West Africa’s Democracy: Worrying signs, hopeful signals – Part II
Last week, I discussed what I considered some very worrying signs about the state of democracy in West Africa drawing on data from the Afrobarometer survey. I highlighted three worrying signs – a) the softening of citizens’ attitudes towards military regimes; b) growing doubts about the democratic credentials of countries in the region; and c) a sharp decline in the percentage of citizens who say they are satisfied with the way democracy is working from 70 per cent in 1999-2001 to 36 per cent in 2021-2023.
I also shared some hopeful signals in that a) citizens still express strong preference (70 per cent) for democracy and b) confidence in election outcomes has improved a lot.
This week is a return and further deliberation on this important issue. There is an emerging consensus that the region is facing a democracy crisis. Here are some additional worrying signs but also hopeful signals as stakeholders continue to search for solutions to address democratic retrogression in the region. Remember the words of President Akufo-Addo to the Ecowas community- “democracy in West Africa is in danger”.
Mistrust in key democratic institutions is very worrying. Think about these three institutions in any democratic set up — executive (presidency); legislature (parliament); judiciary (courts of law) — and the roles they play for a minute. Now ask yourself this question – what makes these institutions thrive? Several factors make institutions thrive, but one cannot overlook the very important ingredient called trust.

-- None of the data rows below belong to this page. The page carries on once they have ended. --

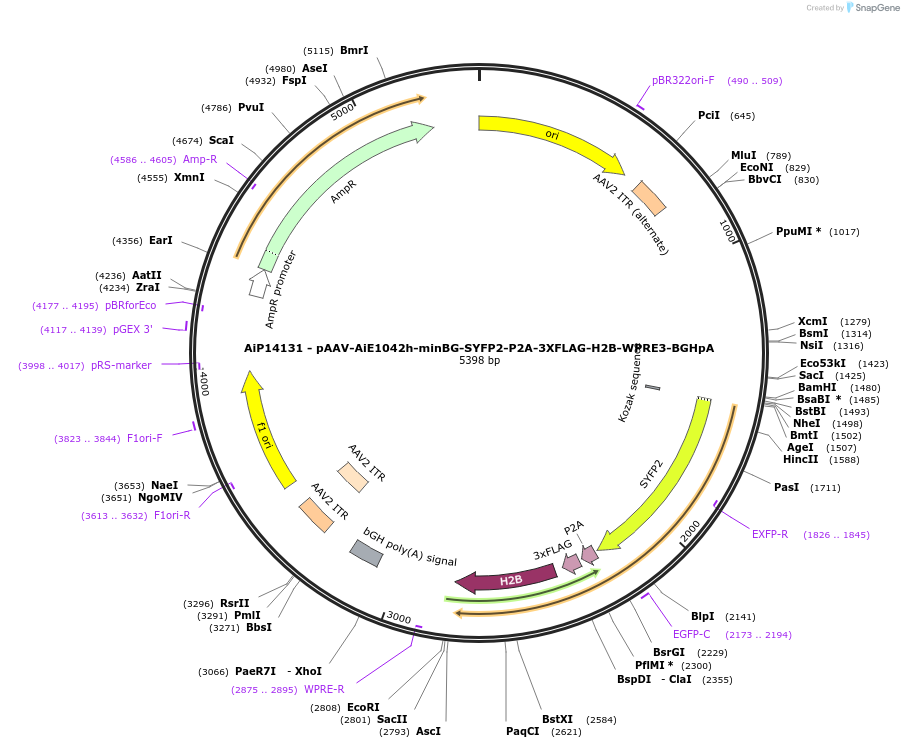 243365-plasmid-map-sequence-id-525213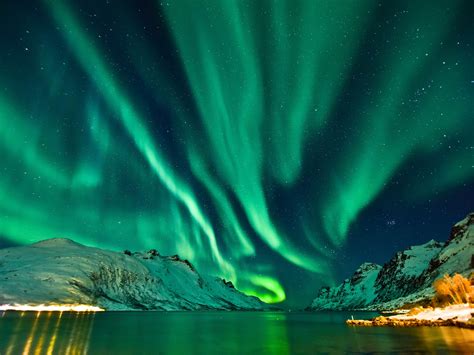 Northern Lights Tour Tromso Norway | Shelly Lighting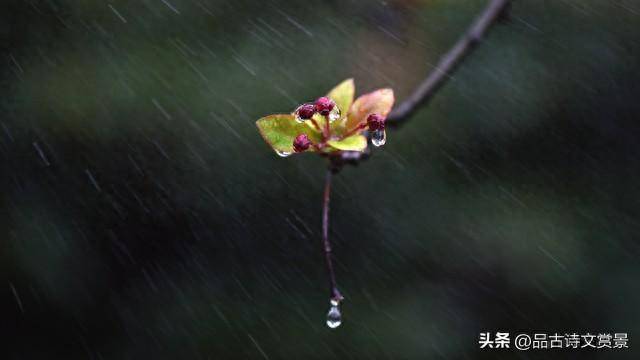 写雨的诗有哪些？描写春雨的优美句子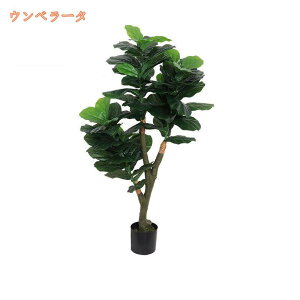 1000~OFFN[| lHϗtA lHA tFCNO[ 傫 ^ CeAO[ ϗt A[gO[ rO JXj e@ p sv zj Vzj l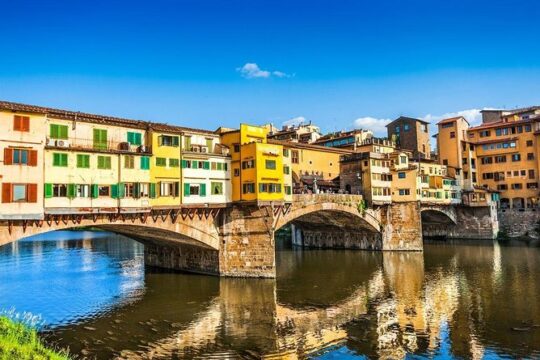 Day trip from Rome: Florence and Pisa in a day - private tour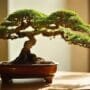 purifying air with bonsai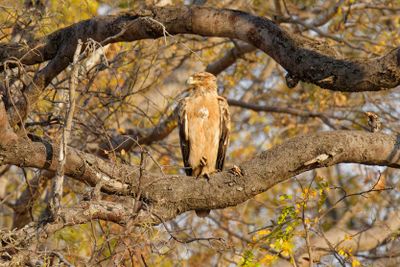 Wahlberg's eagle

Unfortunately, the percentage of citizens in the region who express a lot of trust in these institutions as of the most recent survey year (2021-2023) remains quite low – a) executive (30 per cent); b) legislature (16 per cent); and judiciary (20 per cent). Keep in mind that in the baseline year (2005-2006); the percentages were still low- a) executive (38 per cent); b) legislature (20 per ecnt); and judiciary (30 per cent). In all instances trust in these democratic institutions has declined.
To further complicate the trust issue for these institutions is the extent to which very few citizens are willing to give them what I call “a clean bill of health” on corruption. By “a clean bill of health” I am referring to the percentage of citizens who say, “none of them” when asked the question “how many of the following people do you think are involved in corruption?”
In the most recent survey year this is how the three institutions scored - executive (12 per cent); b) legislature (eight per cent); and judiciary (nine per cent). Again, keep in mind that in the baseline year for this indicator (2002-2003); the percentages were still low- a) executive (18 per cent); b) legislature (12 per cent); and the judiciary (11 per cent).
When citizens have low levels of trust in democratic institutions and further perceive them as corrupt, an immediate consequence is the erosion of confidence in them. Who wants to seek mediation or redress of a grievance before a court of law it cannot trust and perceives as corrupt? Or who wants to draw the attention of their representative in parliament to a public problem if there is no trust?
Weak institutions do not produce strong democracies.
Citizens in the region will be the crucial agents in saving democracy from any further crisis. I say this because of the strong preference they continue to express for democracy even as they express dissatisfaction with democratic governance in the region or have low levels of trust in the institutions designed to make democracy work.
In the most recent survey year, among those who collectively described countries in the region as “not a democracy”, six out of 10 (57 per cent) still expressed preference for democracy to any other form of government. Among those who are “not at all satisfied” with the way democracy is working, seven out of 10 (66 per cent) still expressed preference for democracy to any other form of government. And finally, among those who are “not very satisfied” with the way democracy is working, seven out of 10 (69 per cent) still expressed preference for democracy to any other form of government.
There are important country variations no doubt. But the collective picture is a hopeful signal.
Last week I pointed out that in the most recent survey year, as many as six out of 10 (56 per cent) citizens in the region felt military intervention was legitimate if government was abusing power. Among this group, six out of 10 (64 per cent) still expressed preference for democracy to any other form of government.
Citizens may be feeling various pinch points when it comes to the practice of democracy, but they are yet to abandon their strong preference for it.
But our leaders in the region cannot take this for granted. They must address this crisis before citizens break their peace pact with democracy.
The writer is a Democracy and Development Fellow at the Ghana Centre for Democratic Development (CDD-Ghana).